# New 14"+ Rhom from Pedro



## caffeinefizz (May 30, 2004)

I received my monster Rhom from Pedro today...This fish is absolutely enormous, probably the largest Piranha (any species) I have ever seen in person. Hats off again to Pedro for hooking me up with another GORGEOUS fish!

Sorry for the picture quality, I will post better ones once I get the chance


----------



## caffeinefizz (May 30, 2004)

#2


----------



## caffeinefizz (May 30, 2004)

#3


----------



## MR HARLEY (Aug 12, 2003)

How much was he ?

and what size tank you got him in


----------



## tecknik (Jul 18, 2003)

DAMM!!! Nice pickup


----------



## Red Eyes (Nov 25, 2003)

Congrats on picking up a monster!


----------



## caffeinefizz (May 30, 2004)

He is temporarily in a 100gal while I cycle a new 135gal...I would love to give him a 180gal, if I had the room.


----------



## Judazzz (Jan 13, 2003)

Holy sh*t!








That thing's a beast


----------



## LaZy (Jun 17, 2003)

mOnster rhom man nice pick up!!!


----------



## RhomZilla (Feb 12, 2003)

Im flabberghasted!!!!


----------



## caffeinefizz (May 30, 2004)

Thanks for the comments guys...He is still really boogered up from shipping, but he seems to be doing fine despite another shipping fiasco with Continental (only 30 hours late).


----------



## MR HARLEY (Aug 12, 2003)

caffeinefizz said:


> He is temporarily in a 100gal while I cycle a new 135gal...I would love to give him a 180gal, if I had the room.


 How much was he


----------



## ineedchanna (May 27, 2003)

nice!


----------



## SLANTED (Dec 7, 2003)

whoa, that is a bigass rhom.










Make sure to give us an update when he settles in.


----------



## Winkyee (Feb 17, 2003)

Looks like you got a great fish from Pedro








Very nice . Congrats


----------



## ViBE (Jul 22, 2003)

MOFO!

WOW!

I am speachless.


----------



## watermonst3rs (Feb 15, 2004)

HOLY JESUS!! I am speechless.


----------



## joefromcanada (Apr 16, 2004)

very very nice


----------



## caffeinefizz (May 30, 2004)

A few more...


----------



## caffeinefizz (May 30, 2004)

last one


----------



## ineedchanna (May 27, 2003)

GOOD LORD! THATS A HUGE FACE!

HOW IS HIS TEMPER?


----------



## LaZy (Jun 17, 2003)

damMM Nicer pics


----------



## Judazzz (Jan 13, 2003)

Dude, did you ever consider a webcam?


----------



## Atlanta Braves Baby! (Mar 12, 2003)

Wow that is a nice specimen there!
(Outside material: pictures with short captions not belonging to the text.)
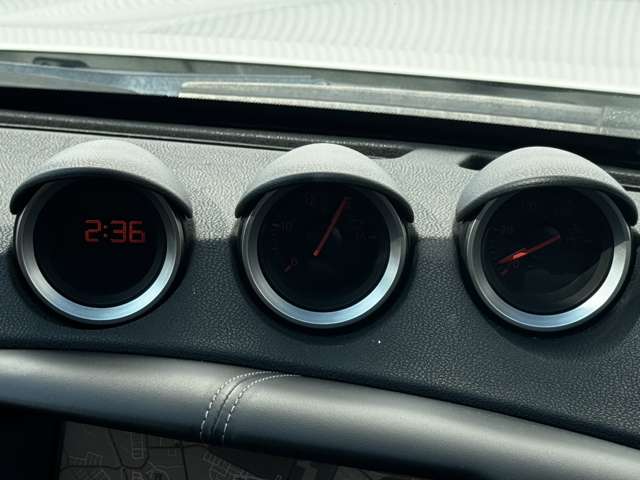 UJ0046410625_18_006.jpg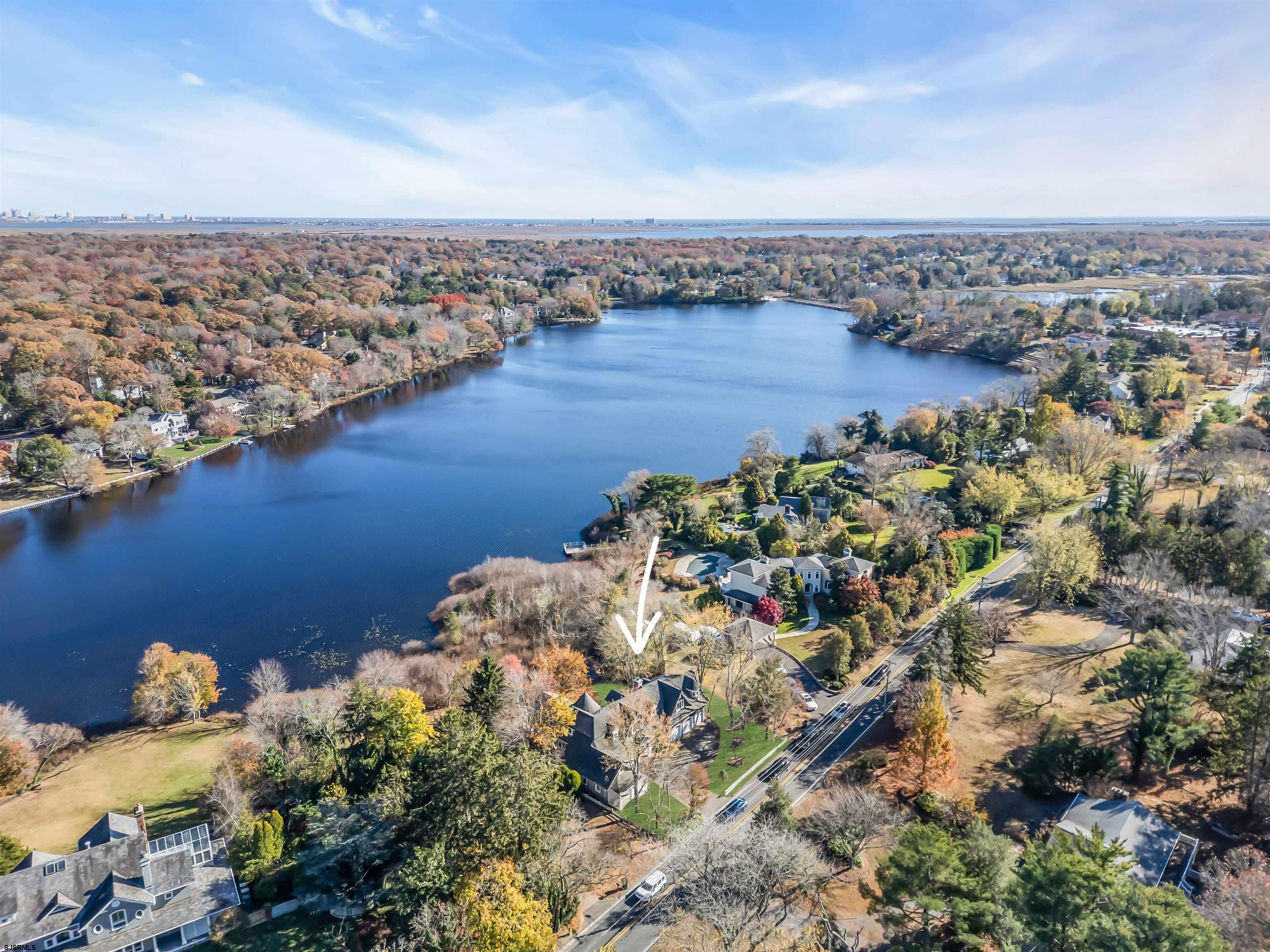 Egg Harbor Township, New Jersey 08234, United States, 5 Bedrooms Bedrooms, ,4 BathroomsBathrooms,Residential,Pending,32572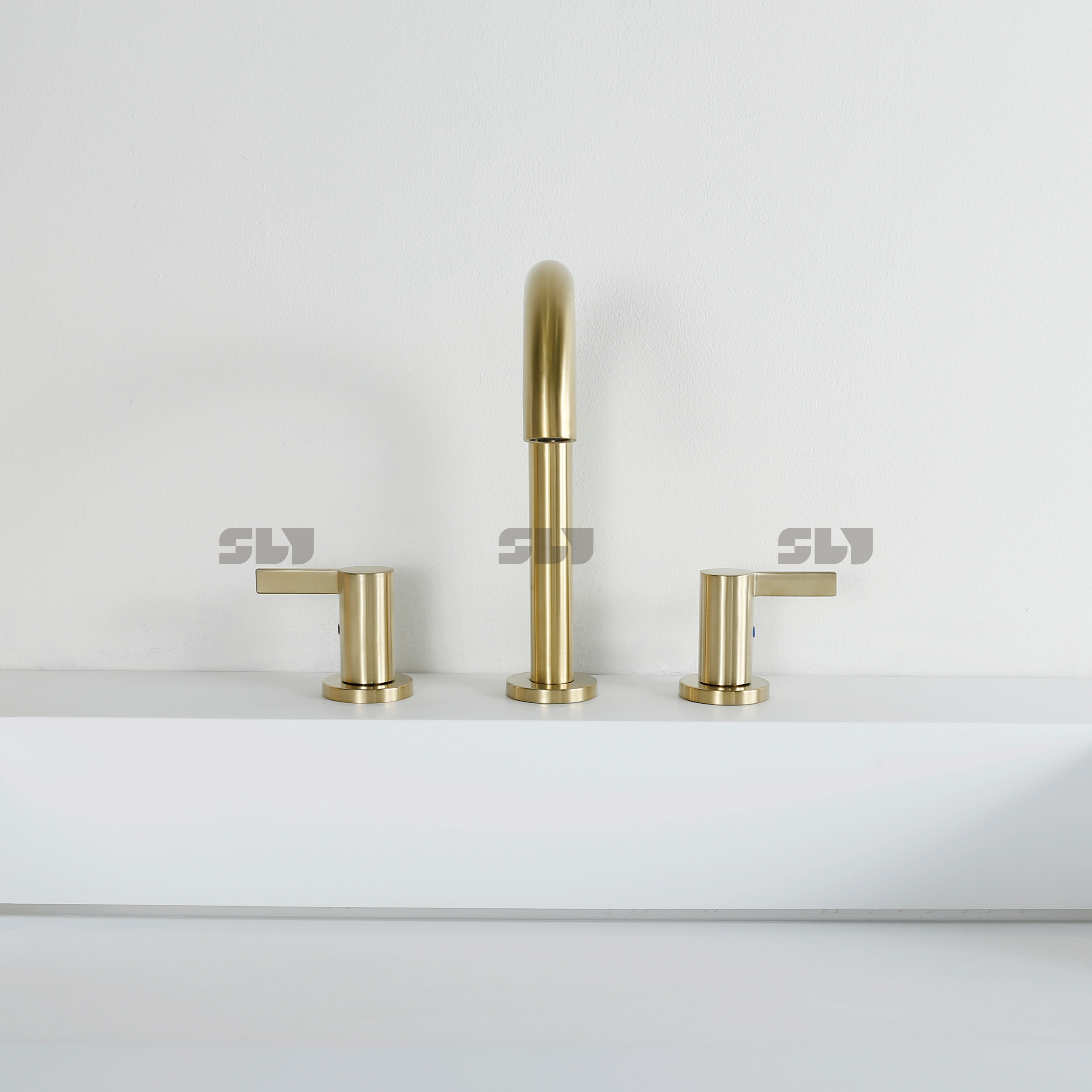 SLY Luxury Gold Wash Face Basin Faucet Widespread 8 Inch 3 Hole Lavatory Sink Faucet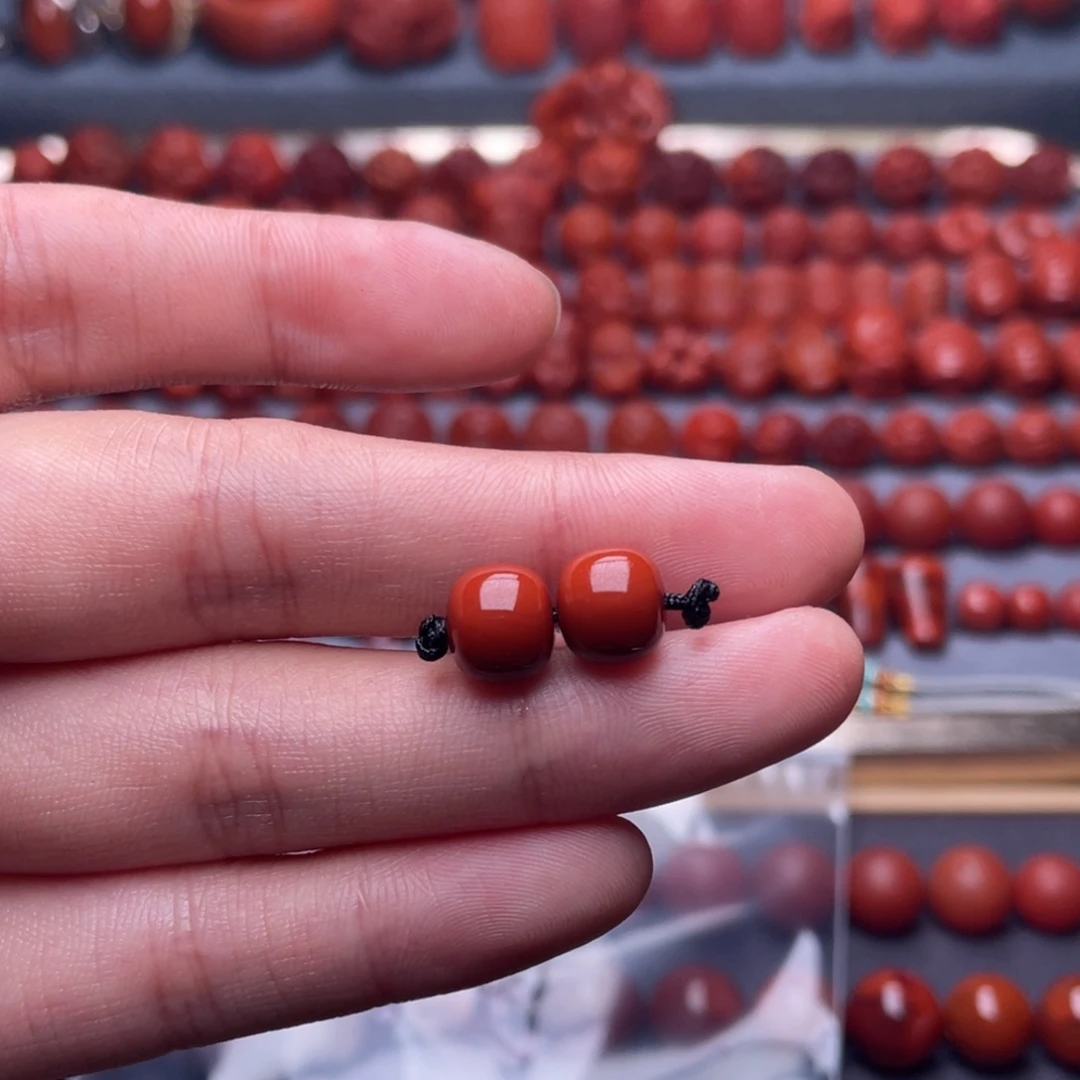 哎***哦南红玛瑙其他未镶嵌W8➕瓦西偏锦红老型珠一对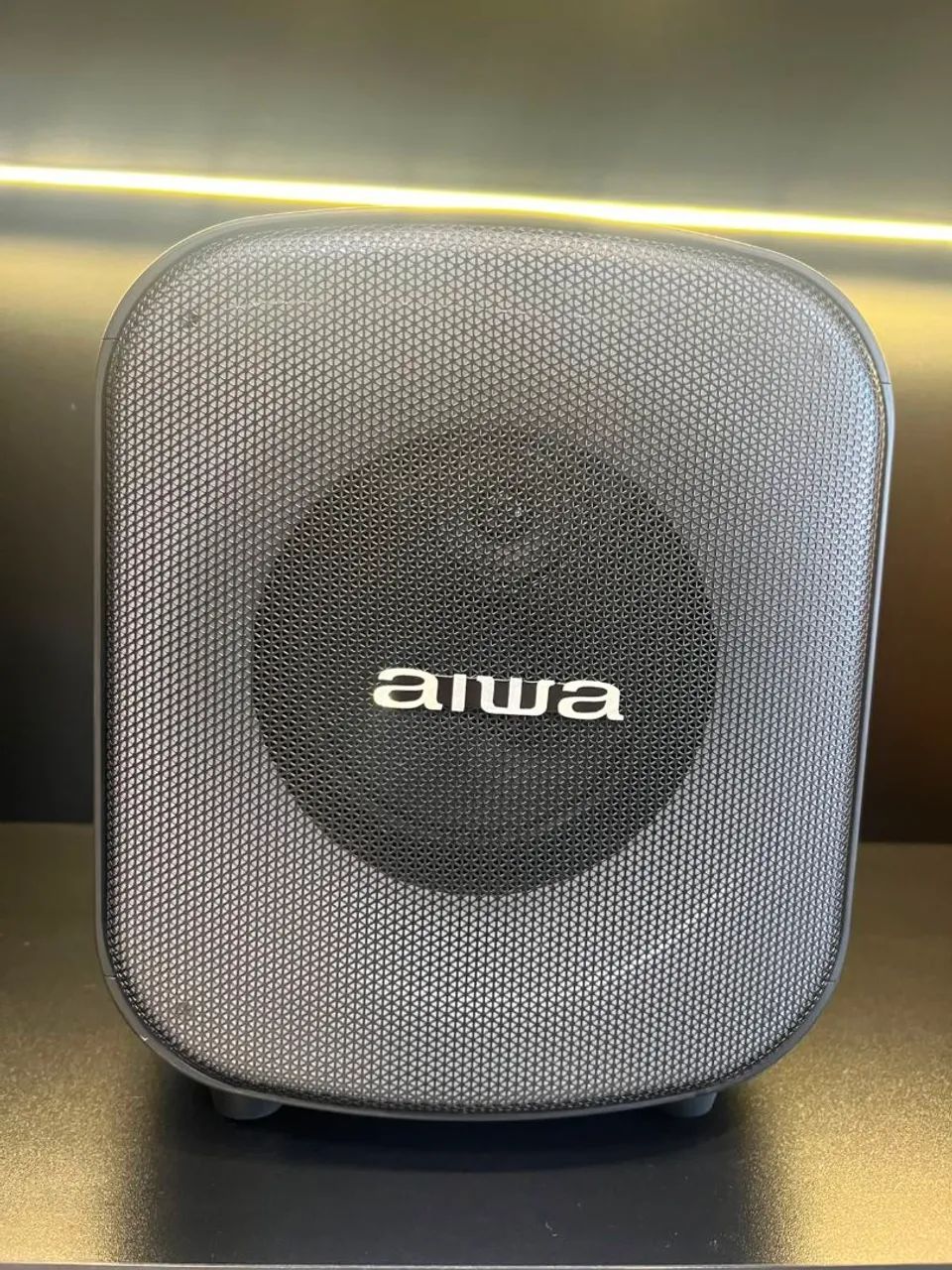 Caixa de som aiwa. - Foto 2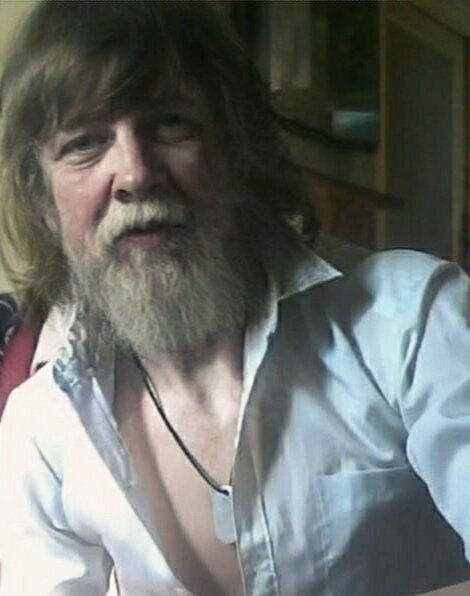 Просто старик какой-то, а может я в старости. 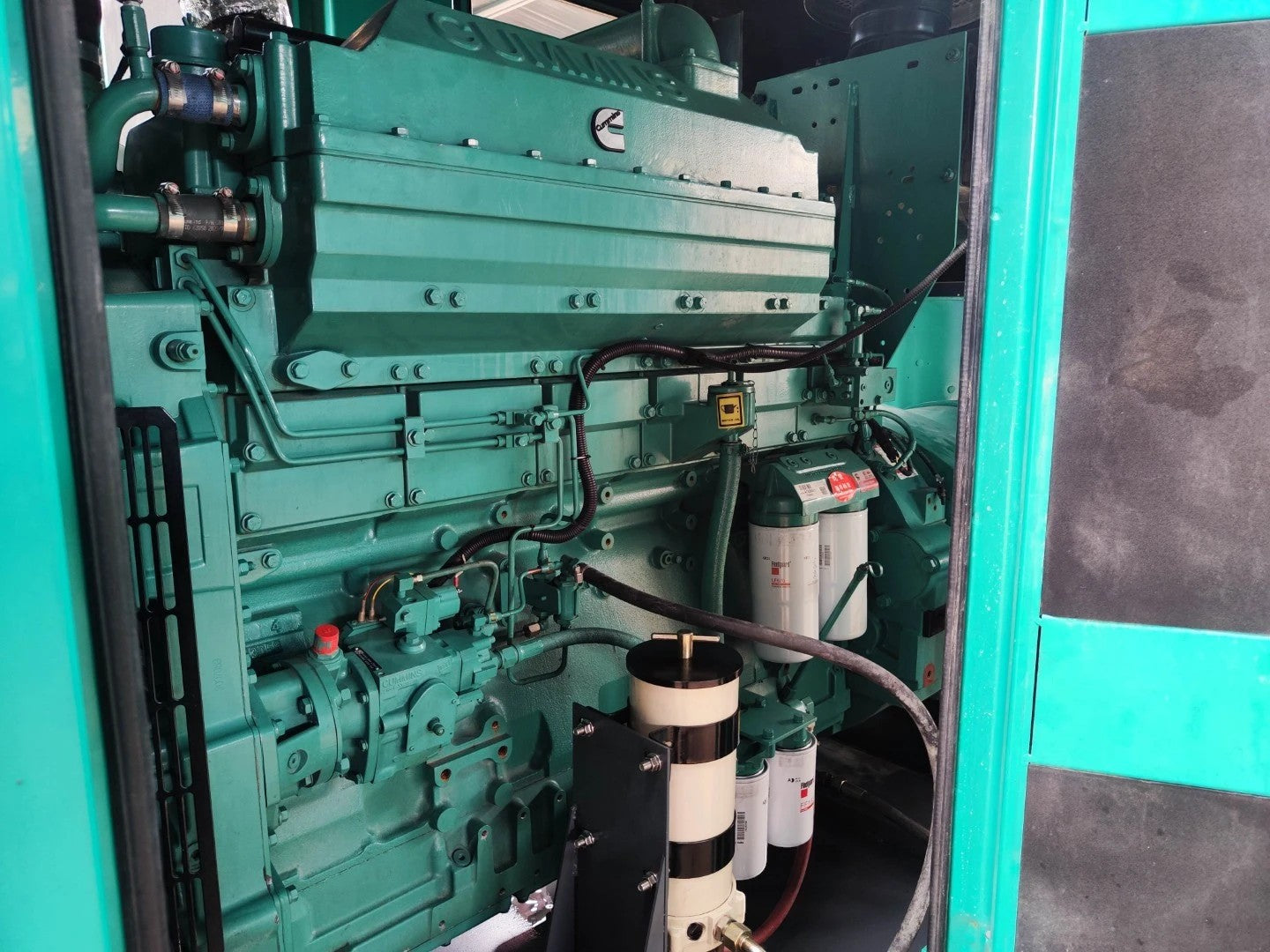 USED 500KVA CUMMINS KTA19-G4 GENSET @ 18CU500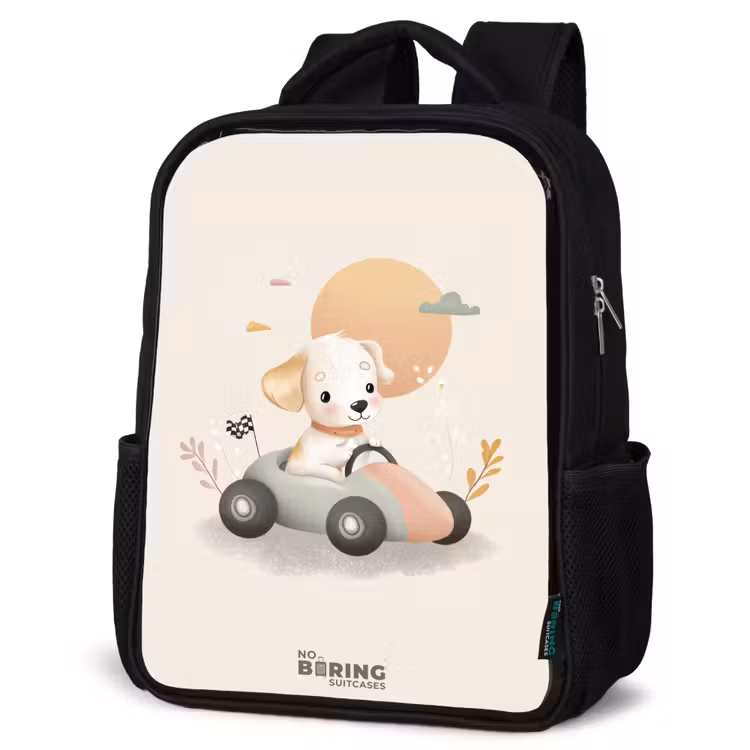 Puppy in een raceauto in beige kleuren Rugzak - Zwart middel -schuin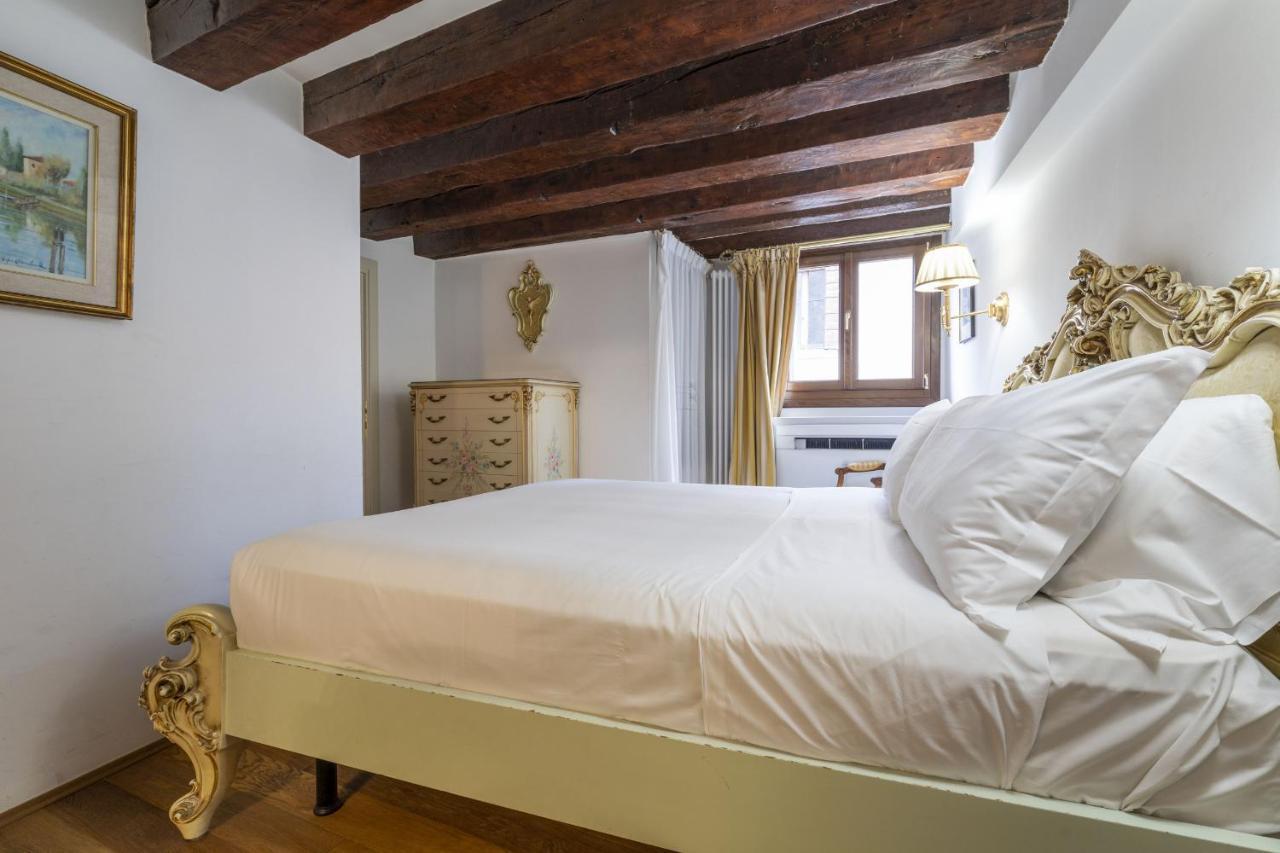 Gondola Luxury - Campo Santi Filippo E Giacomo By Wonderful Italy 베니스 외부 사진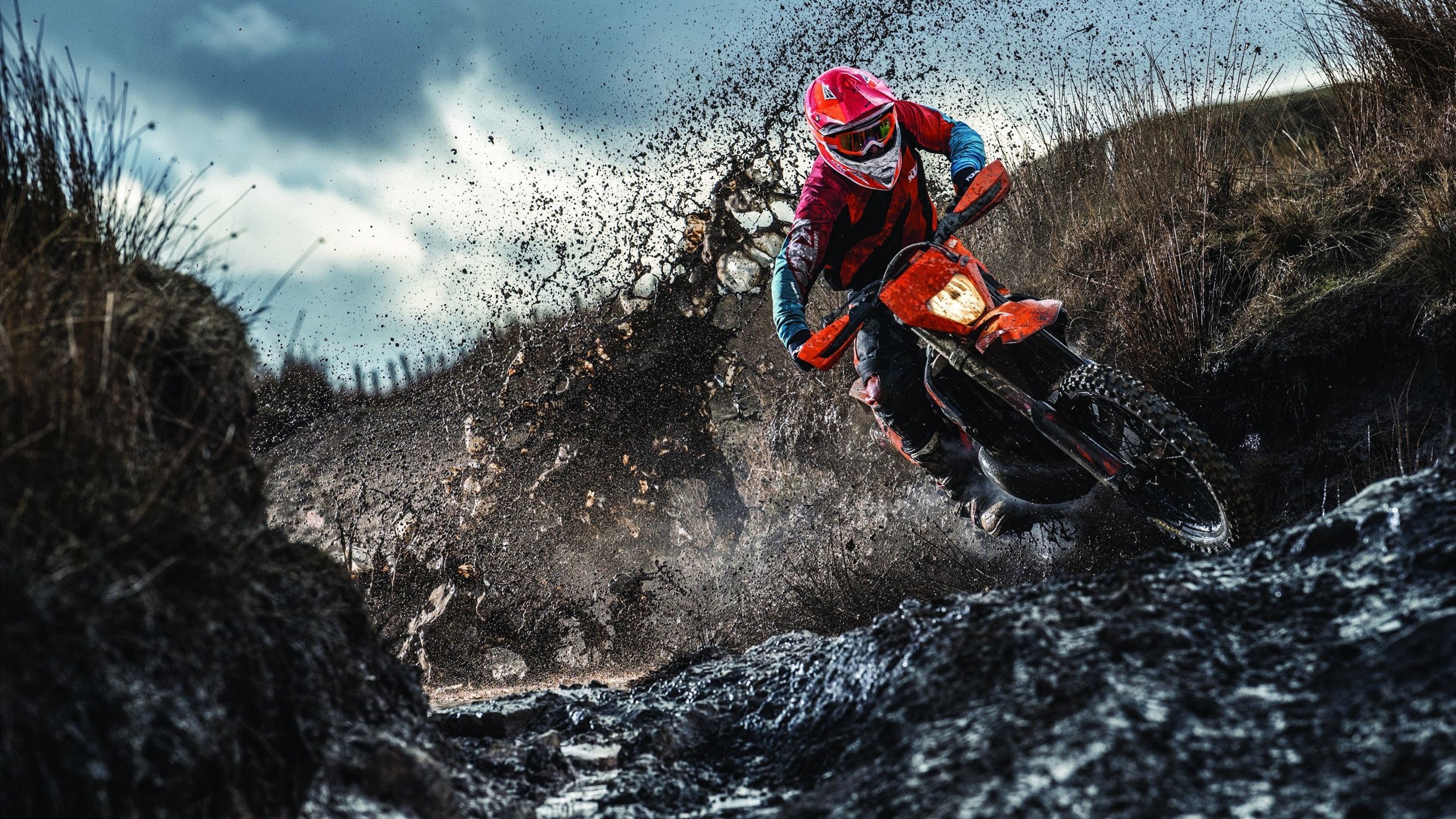 开云电竞账号入口-山地车越野挑战赛，追求速度与激情的完美结合，山地车越野比赛视频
How much was he?


----------



## camotekid (Sep 21, 2003)

The last pic is very amazing. He's a friggin hulk for me.


----------



## illnino (Mar 6, 2004)

very very nice rhom.


----------



## SerraNBAPygo (Jun 8, 2004)

nice rhom, what was the price tag on him.


----------



## Lonald (Jan 10, 2004)

very nice


----------



## Genin (Feb 4, 2003)

awesome rhom you have there. those pictures are great.

Joe

p.s. guys i don't think he likes the question about how much he costs. no matter how much it was, it's a great fish.


----------



## aquascape (Mar 16, 2003)

I told you he was a monster.







let us know how he does.
enjoy


----------



## Mr.P (Jul 14, 2003)

Kickass rhom dude, gotta love pedro, I love my fish from him.


----------



## mashunter18 (Jan 2, 2004)

Sweet fish man, big rhoms are awesome


----------



## JAC (Jan 19, 2004)

Awesome fish dude, can't wait until I get a tank to house one of those







.


----------



## MR.FREEZ (Jan 26, 2004)

*HOW MUCH WAS THE DAMN THING????????*








j/k man tough to express fustration on the forums i just seen it asked

a few times and thought id be a smart ass


----------



## thePACK (Jan 3, 2003)

very nice....congrads on owning suck a beauty..keep them pic coming..


----------



## Atlanta Braves Baby! (Mar 12, 2003)

well whatever it cost it is indeed nice


----------



## killfishygo (Jan 13, 2004)

OMG, THAT IS MASSIVE, very nice


----------



## Husky_Jim (May 26, 2003)

THis is a freaking monster!!!
















Congrads on your acquisition and keep us updated!!!!!!!


----------



## traumatic (Jan 29, 2003)

How nice! another KICKASS rhom. Good stuff man!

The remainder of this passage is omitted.